§ **Problem to work on**: Lines from the one containing "Vintage monochrome military" through the last line of the data below are to be returned exactly; leave out the rest.

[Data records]
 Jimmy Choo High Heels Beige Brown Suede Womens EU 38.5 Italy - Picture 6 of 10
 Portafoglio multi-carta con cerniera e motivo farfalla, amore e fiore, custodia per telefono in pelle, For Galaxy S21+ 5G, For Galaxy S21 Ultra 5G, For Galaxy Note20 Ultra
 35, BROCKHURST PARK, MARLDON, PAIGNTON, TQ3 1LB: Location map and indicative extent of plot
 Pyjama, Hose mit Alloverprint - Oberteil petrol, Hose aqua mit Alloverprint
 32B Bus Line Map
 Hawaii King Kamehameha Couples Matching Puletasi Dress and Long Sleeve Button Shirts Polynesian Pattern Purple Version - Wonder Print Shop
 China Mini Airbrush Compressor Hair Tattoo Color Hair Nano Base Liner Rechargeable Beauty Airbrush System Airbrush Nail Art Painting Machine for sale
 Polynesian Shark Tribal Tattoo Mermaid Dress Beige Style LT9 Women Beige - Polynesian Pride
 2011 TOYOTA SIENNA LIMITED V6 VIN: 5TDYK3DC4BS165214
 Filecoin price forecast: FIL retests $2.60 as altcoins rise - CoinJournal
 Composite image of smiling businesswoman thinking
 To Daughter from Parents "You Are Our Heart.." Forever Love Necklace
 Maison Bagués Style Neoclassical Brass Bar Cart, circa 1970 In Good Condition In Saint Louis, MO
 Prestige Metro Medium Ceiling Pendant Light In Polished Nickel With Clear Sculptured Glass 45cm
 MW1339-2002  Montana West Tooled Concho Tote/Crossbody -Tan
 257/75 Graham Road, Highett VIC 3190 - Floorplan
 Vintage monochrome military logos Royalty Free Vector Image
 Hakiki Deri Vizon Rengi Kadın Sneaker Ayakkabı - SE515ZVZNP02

§ **Response area**:
 Vintage monochrome military logos Royalty Free Vector Image
 Hakiki Deri Vizon Rengi Kadın Sneaker Ayakkabı - SE515ZVZNP02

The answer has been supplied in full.